State v. Potter

657 S.W.2d 694, 1983 Mo. App. LEXIS 4106
CourtMissouri Court of Appeals
DecidedAugust 2, 1983
DocketNo. WD 34403
StatusPublished
Cited by2 cases

This text of 657 S.W.2d 694 (State v. Potter) is published on Counsel Stack Legal Research, covering Missouri Court of Appeals primary law. Counsel Stack provides free access to over 12 million legal documents including statutes, case law, regulations, and constitutions.

Bluebook
State v. Potter, 657 S.W.2d 694, 1983 Mo. App. LEXIS 4106 (Mo. Ct. App. 1983).

Opinion

KENNEDY, Judge.

The defendant James Jon Potter was convicted upon jury trial of capital murder, § 565.001, RSMo 1978, and sentenced to life imprisonment without parole for 50 years. He appeals.

Finding no prejudicial error in the trial of the ease, we affirm the judgment.

First, the facts:

The murder victim was Ed Schneider, 70 years old, who lived alone in a mobile home located in a rural part of Macon County, near Bevier. His body was found by officers on August 6, 1981, in a wooded field about a quarter of a mile from his residence. His hands and his feet were tied together behind him. His death had resulted from one or more blows to the head, causing a brain injury. It was later learned that his death had occurred on the evening of August 4, 1981.

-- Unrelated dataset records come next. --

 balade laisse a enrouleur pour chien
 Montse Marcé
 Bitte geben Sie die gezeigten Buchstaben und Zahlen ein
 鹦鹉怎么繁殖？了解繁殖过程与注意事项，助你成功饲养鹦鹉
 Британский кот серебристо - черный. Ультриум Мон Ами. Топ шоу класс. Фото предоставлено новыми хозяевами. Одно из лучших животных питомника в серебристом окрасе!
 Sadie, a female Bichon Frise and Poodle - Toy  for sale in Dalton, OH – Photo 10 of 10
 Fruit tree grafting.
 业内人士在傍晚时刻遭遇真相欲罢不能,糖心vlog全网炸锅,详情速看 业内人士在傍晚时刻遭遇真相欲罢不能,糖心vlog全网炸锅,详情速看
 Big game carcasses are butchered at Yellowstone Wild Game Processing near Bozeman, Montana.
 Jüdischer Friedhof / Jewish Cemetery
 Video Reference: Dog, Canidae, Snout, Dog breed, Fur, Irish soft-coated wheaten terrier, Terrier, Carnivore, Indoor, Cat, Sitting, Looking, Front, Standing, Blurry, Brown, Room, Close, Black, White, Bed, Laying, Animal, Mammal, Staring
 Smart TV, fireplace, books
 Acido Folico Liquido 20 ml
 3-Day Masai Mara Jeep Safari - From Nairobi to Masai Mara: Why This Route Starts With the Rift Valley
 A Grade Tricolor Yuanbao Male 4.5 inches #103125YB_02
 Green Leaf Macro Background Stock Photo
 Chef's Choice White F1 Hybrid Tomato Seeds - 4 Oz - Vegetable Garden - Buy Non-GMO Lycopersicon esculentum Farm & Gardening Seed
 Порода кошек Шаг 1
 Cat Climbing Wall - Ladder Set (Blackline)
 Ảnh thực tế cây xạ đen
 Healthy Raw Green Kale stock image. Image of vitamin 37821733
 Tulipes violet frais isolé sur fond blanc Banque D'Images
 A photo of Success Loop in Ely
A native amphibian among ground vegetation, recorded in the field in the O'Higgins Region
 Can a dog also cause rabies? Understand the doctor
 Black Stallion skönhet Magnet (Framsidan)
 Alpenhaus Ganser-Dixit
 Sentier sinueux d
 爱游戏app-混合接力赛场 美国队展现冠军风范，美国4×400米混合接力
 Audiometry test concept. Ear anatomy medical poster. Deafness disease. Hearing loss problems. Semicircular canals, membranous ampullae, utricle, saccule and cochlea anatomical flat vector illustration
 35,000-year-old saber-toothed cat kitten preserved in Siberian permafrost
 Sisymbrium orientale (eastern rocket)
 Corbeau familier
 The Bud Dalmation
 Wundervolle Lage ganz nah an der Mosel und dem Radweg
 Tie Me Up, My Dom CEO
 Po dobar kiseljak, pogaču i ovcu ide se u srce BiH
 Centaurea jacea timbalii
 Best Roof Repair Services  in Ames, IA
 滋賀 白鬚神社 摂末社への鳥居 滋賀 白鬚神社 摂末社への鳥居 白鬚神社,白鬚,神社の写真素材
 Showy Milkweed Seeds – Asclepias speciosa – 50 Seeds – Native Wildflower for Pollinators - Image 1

[696]*696The details of his death were supplied by the trial testimony of Lori Walker and of defendant James Jon Potter, both of them participants in the homicide, and by a statement given by Potter after his arrest which was introduced in evidence at the trial.

Potter was 18 years old at the time of the crime. Lori Walker was his friend. She lived, evidently, in Kansas City, Kansas, and it was from there they started out on their criminal adventure. Potter was well acquainted with Schneider and knew where he lived. The preceding February he had lived with Schneider while he was remodeling a trailer. While living there he had stolen some guns from Schneider. In the process of recovering and restoring the stolen guns to Schneider, some of Potter’s auto-body-repair tools had been given to Schneider by the police. Potter told Lori he was going to steal them back. The events that followed proceeded according to a plan they formulated.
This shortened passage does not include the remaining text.